I think the right way to appreciate this idea is that we give the model more knobs to turn but restrict now they can be tuned. This might help the model avoid local minima that would be difficult to escape from in a model with fewer degrees of freedom.

Recap
=====

Neural networks are biophysically inspired amalgams of small computational units which sum their inputs and pass the result through a non-linearity. 

Starting in the late 80s people figured out efficient ways to train deep networks using faster computers and back propagation, an algorithm which gains efficiency by imposing laminar structures on neural networks.

In the end, a neural network is just a function approximator which can be made to do all sorts of things.

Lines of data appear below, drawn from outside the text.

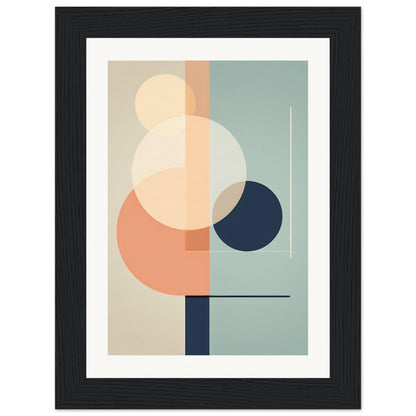 Abstract geometric artwork featuring overlapping circles and rectangles in muted pastel colors.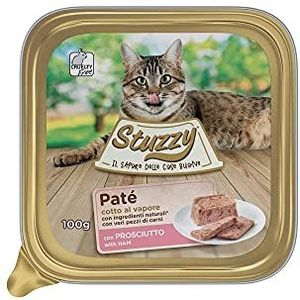 Stuzzy Mister, natvoer voor volwassen katten, ham, paté en vlees in stukken, totaal 3,2 kg (32 bekers x 100 g)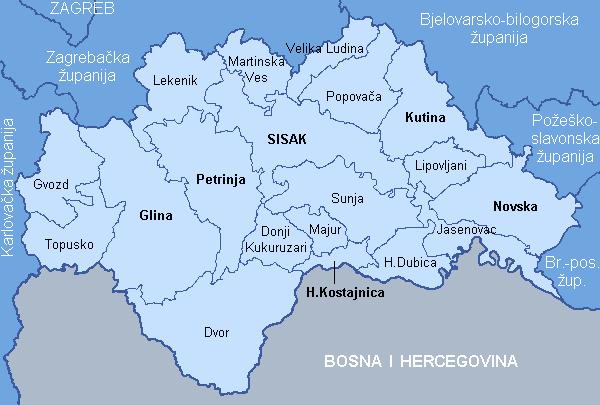 sjeveru i Zrinske gore na jugu. Prostor najvećim dijelom graniči na istoku s Gradom Petrinja, te na jugu s Općinom Dvor.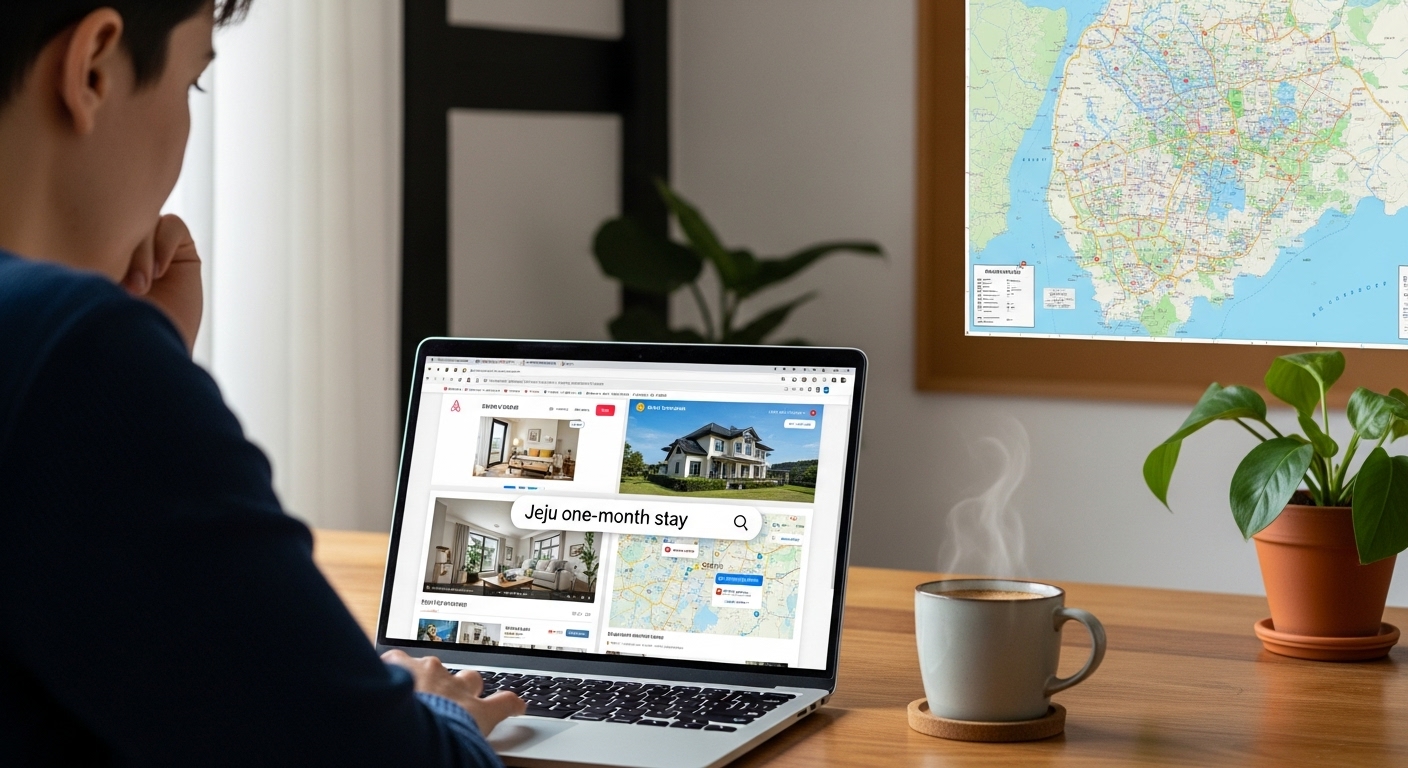 노트북으로 제주도 한 달 살기 숙소를 검색하는 사람. 다양한 숙박 웹사이트와 지도 화면이 보이며, 신중하게 정보를 탐색하는 모습입니다.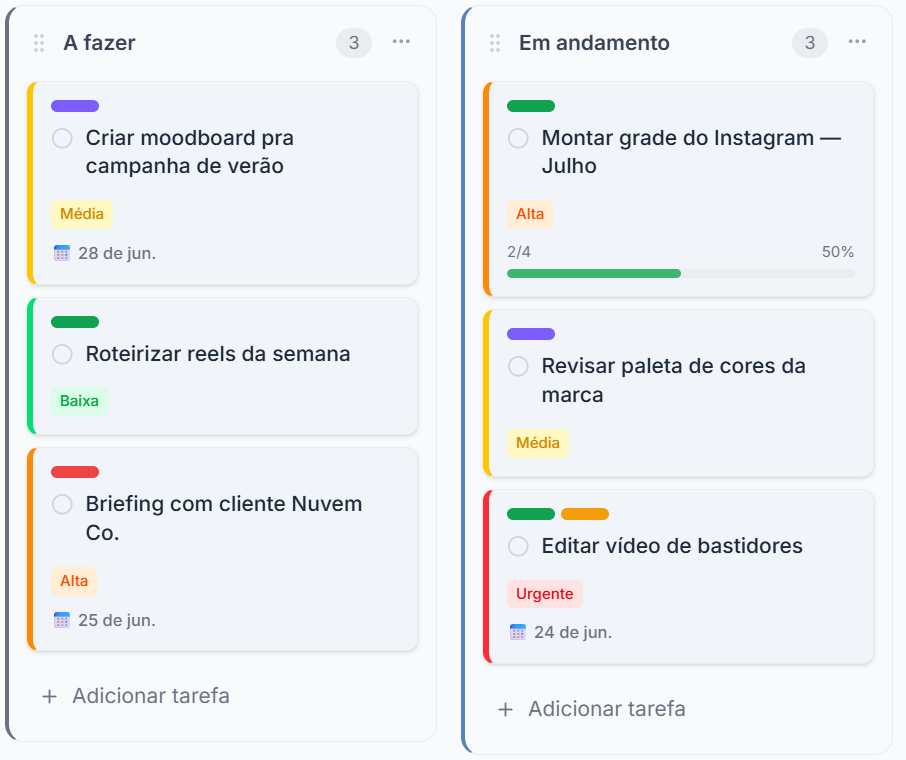 Quadro Kanban da Viita com colunas A fazer, Em andamento, Revisão e Concluído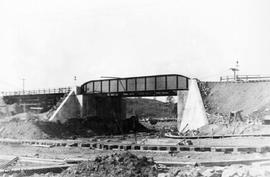 Johnson Street Bridge under construction, Johnson Street extension subway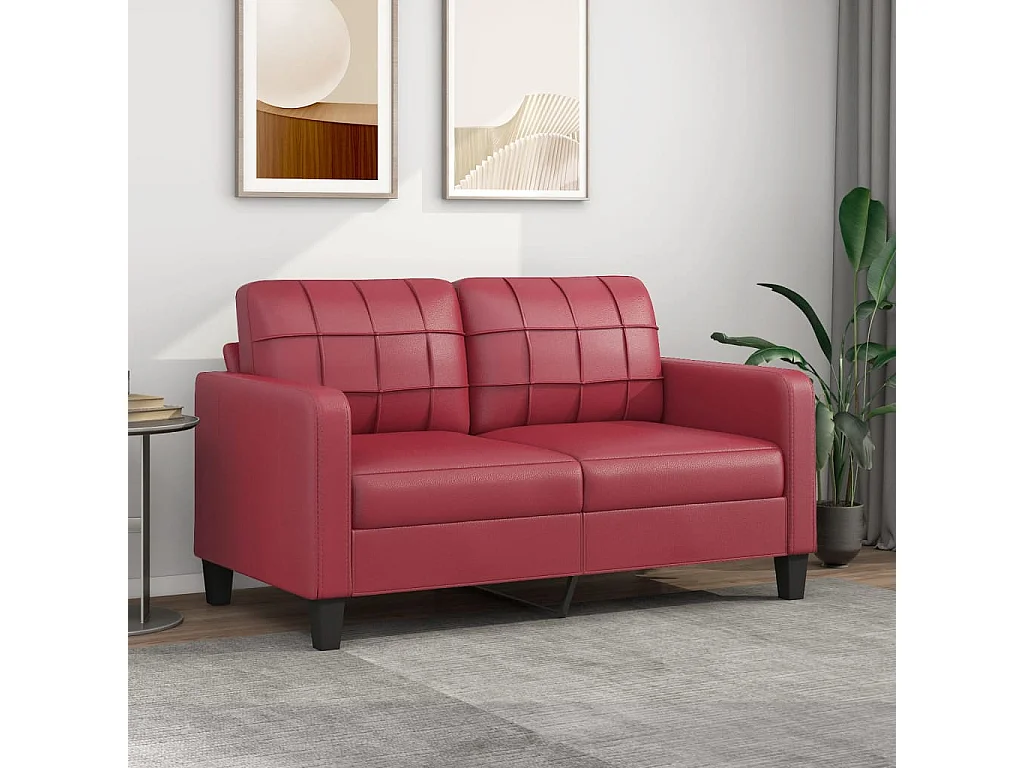 2-Sitzer-Sofa Weinrot 140 cm Kunstleder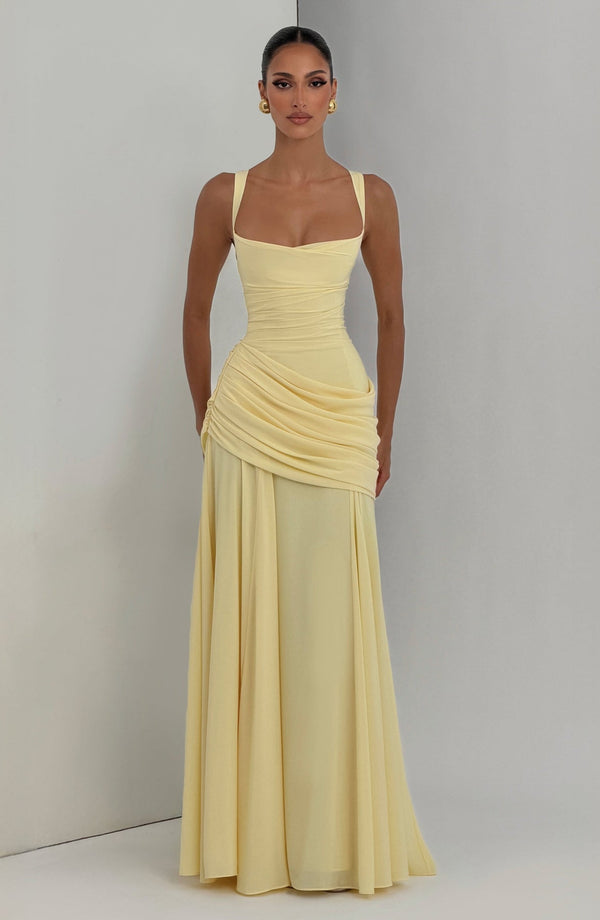 Backless Draped Maxi Dress Tie-Back – Calista - Hadassha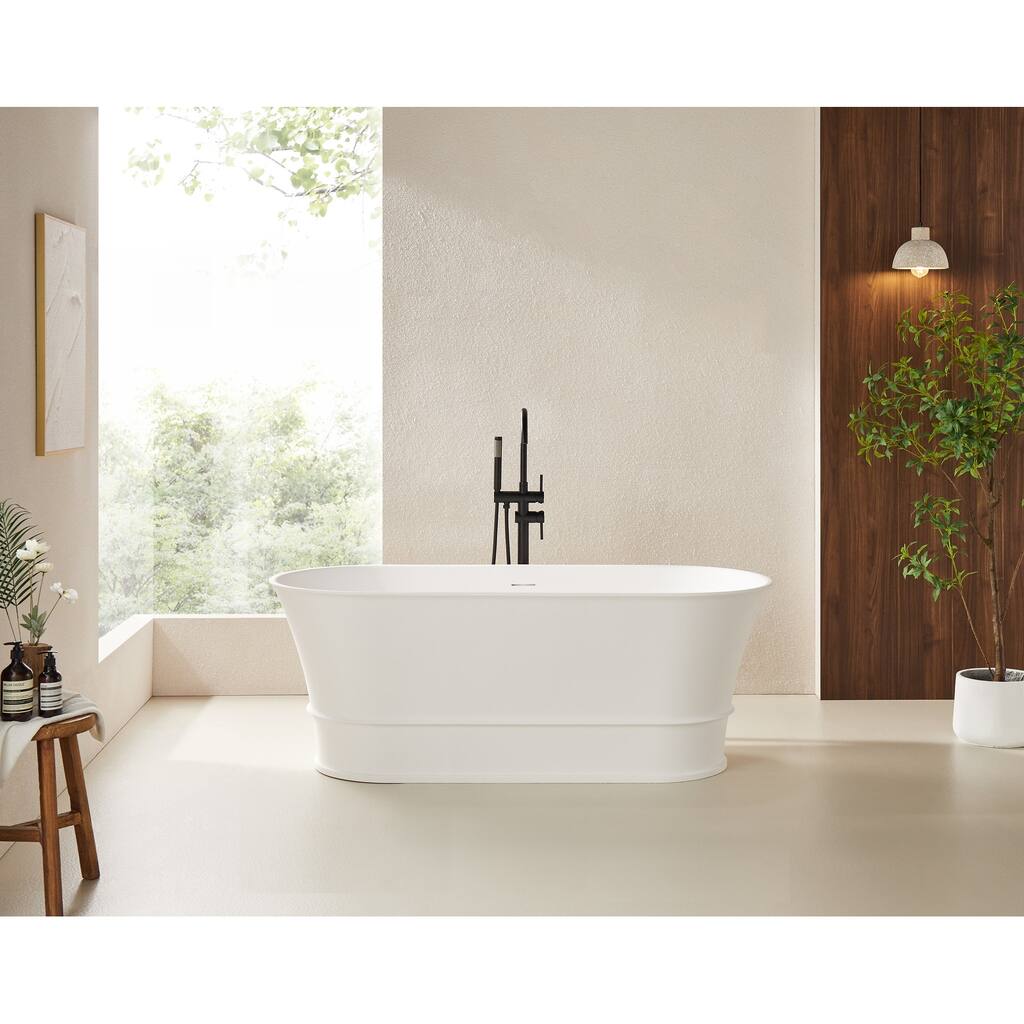 Vanity Art 59" or 67" Stone Resin Oval Freestanding Bathtub, Soaking Tub with Overflow and Pop Up Drain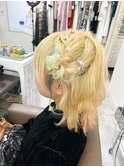 編み込みハーフツイン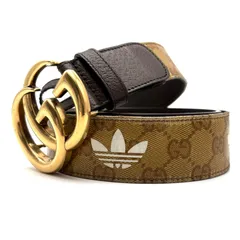 美品 GUCCI グッチ adidas アディダス コラボ インターロッキングG ベルト GGクリスタル キャンバス レザー ブラウン ベージュ ホワイト トレフォイユ ロゴ メンズ レディース ユニセックス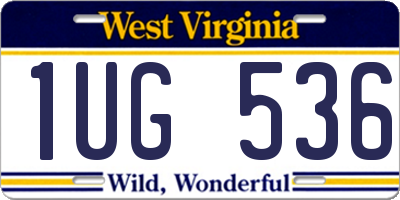 WV license plate 1UG536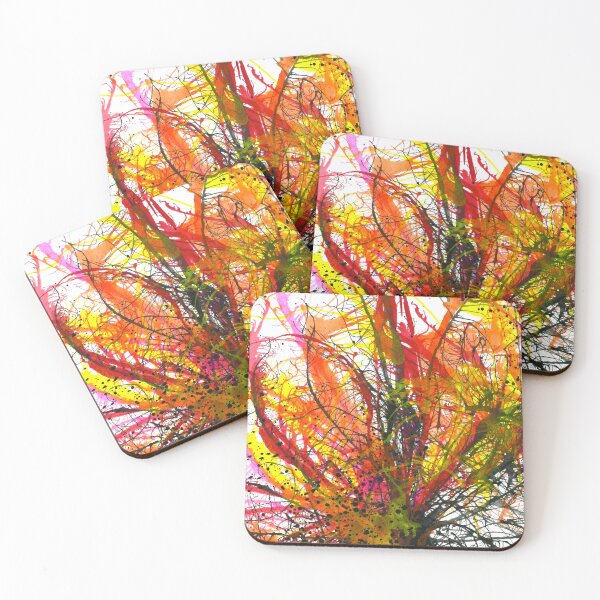 Item preview, Tapping In To The Energy Fields Of Life #643 Bold Unique Vibrant Hand-painted OOAK Original Abstract Painting Detail 2 In Red Orange Yellow Fuchsia Pink Inspired By Flora Floral Botany Boho Pattern designed and sold by Rainbow Artist Orlando L.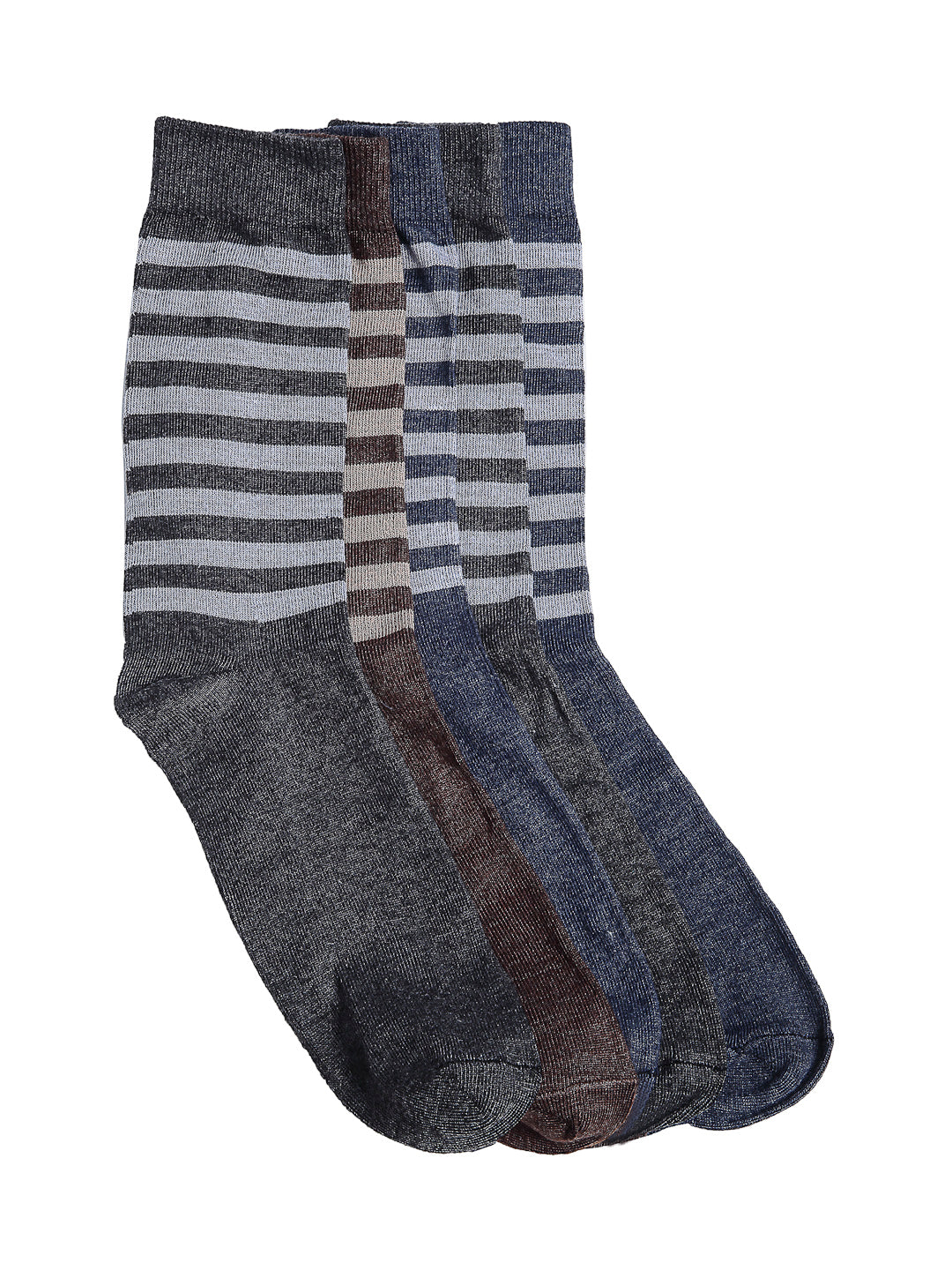 Texlon Men's Woolen Calf Length Striped Thick Winter Wear Socks (Multicolor, Free Size) - Pack of 5 Pairs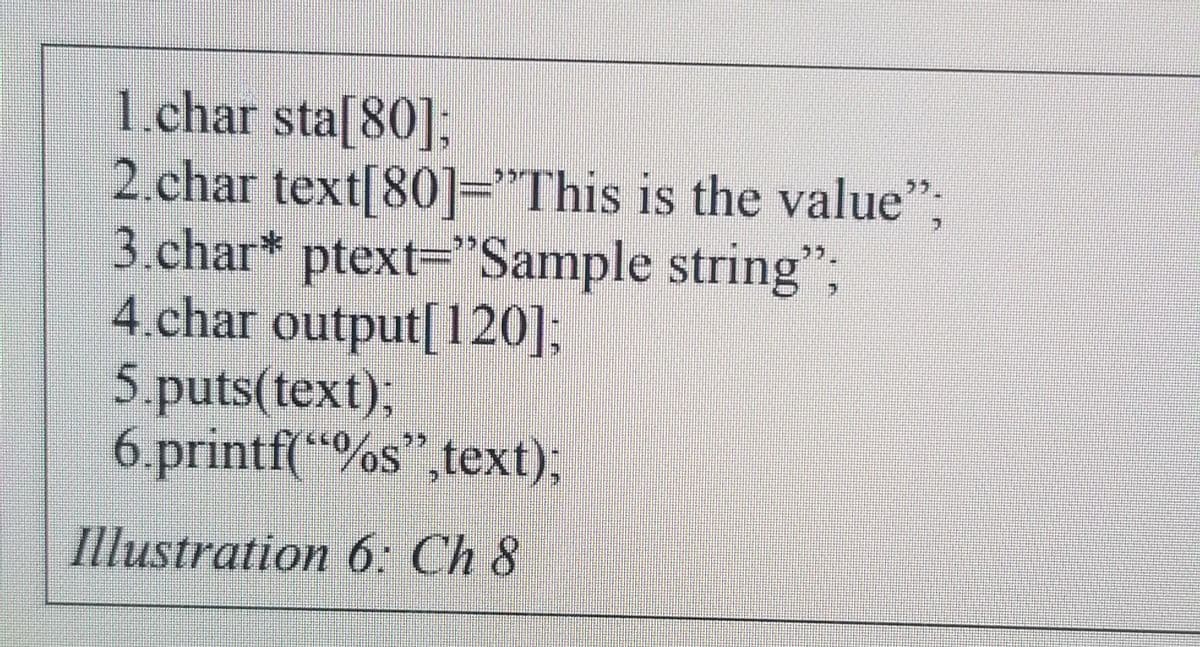 1.char sta[80];
2.char text[80]="This is the value";
3.char* ptext="Sample string";
4.char output[120];
5.puts(text)3B
6.printf(“%s",text);
Illustration 6: Ch 8
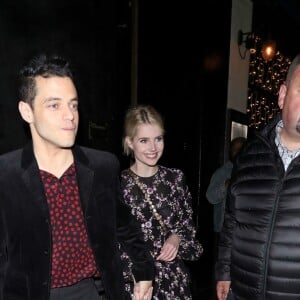 Rami Malek et sa compagne Lucy Boynton à la sortie du "Century Club" à Londres, le 28 août 2019.28/08/2019 - Londres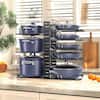 Numhew 8-Tier 14.96 in. H Black Adjustable Standing Pot Rack, Pots and Pans Organizer, Kitchen Organizers and Storage R3P0D1N8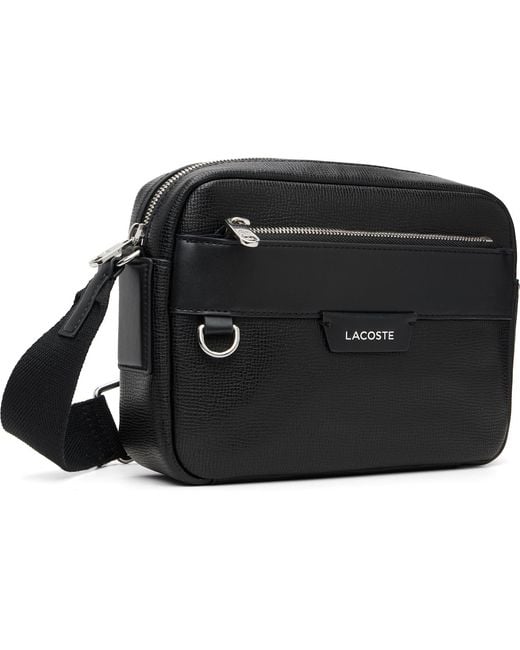 Lacoste Black Ossian Leather Reporter Bag for men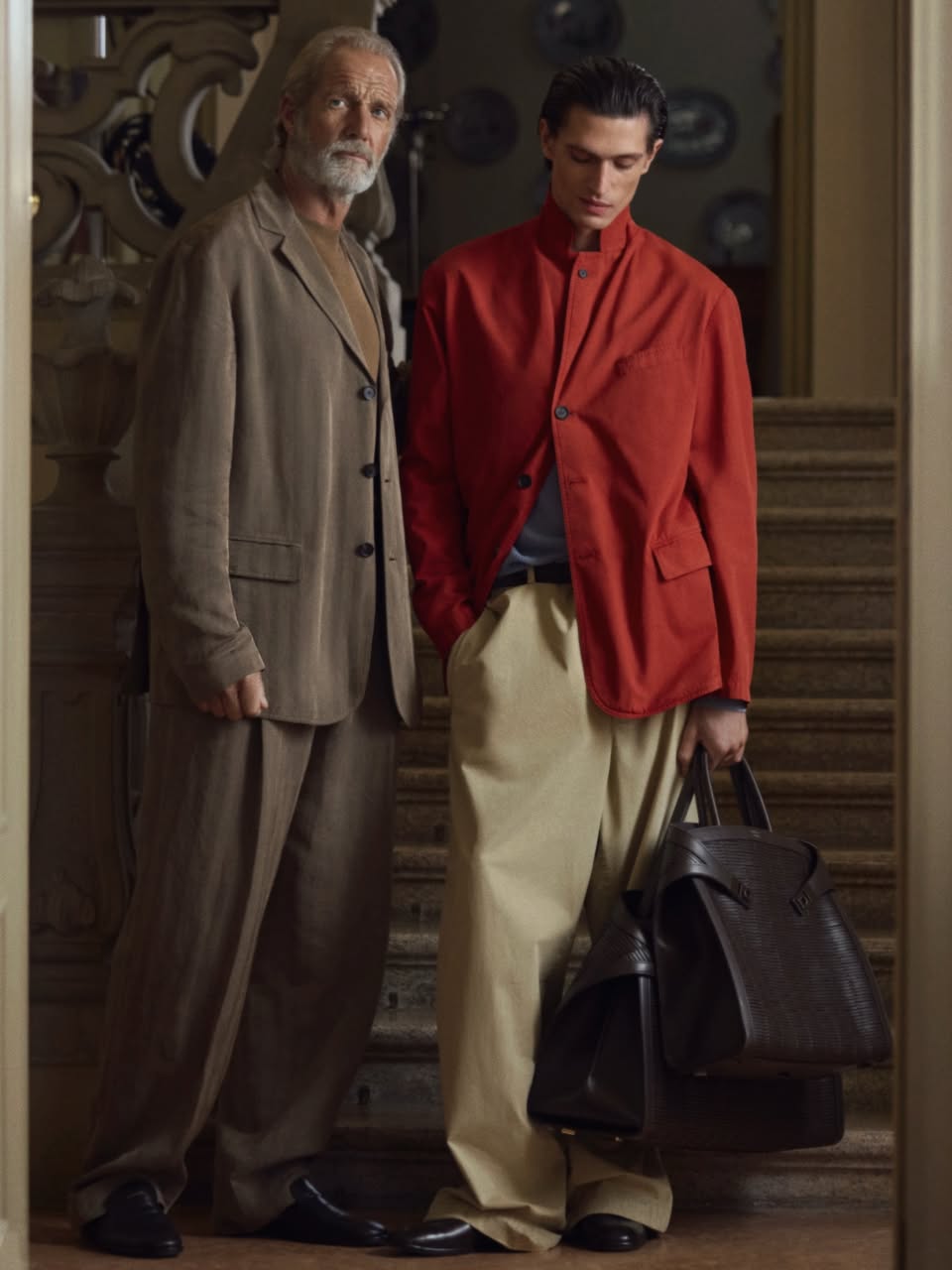 Ferragamo woven leather loafers and handbag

In this lecture we used keras to build an auto-encoder to do dimensionality reduction.

We also experimented with regularizing our model too.

This really is just scratching the surface of neural networks, but hopefully you feel comfortable enough to jump in.  A nice thing to try is classification - in that case the output of the network is just the class. A single neuron can be used for a yes/no classifier but you might need multiple neurons on the output layer for a multi-class predictor. 

That is it!

Grades for the project should be out by the end of the week!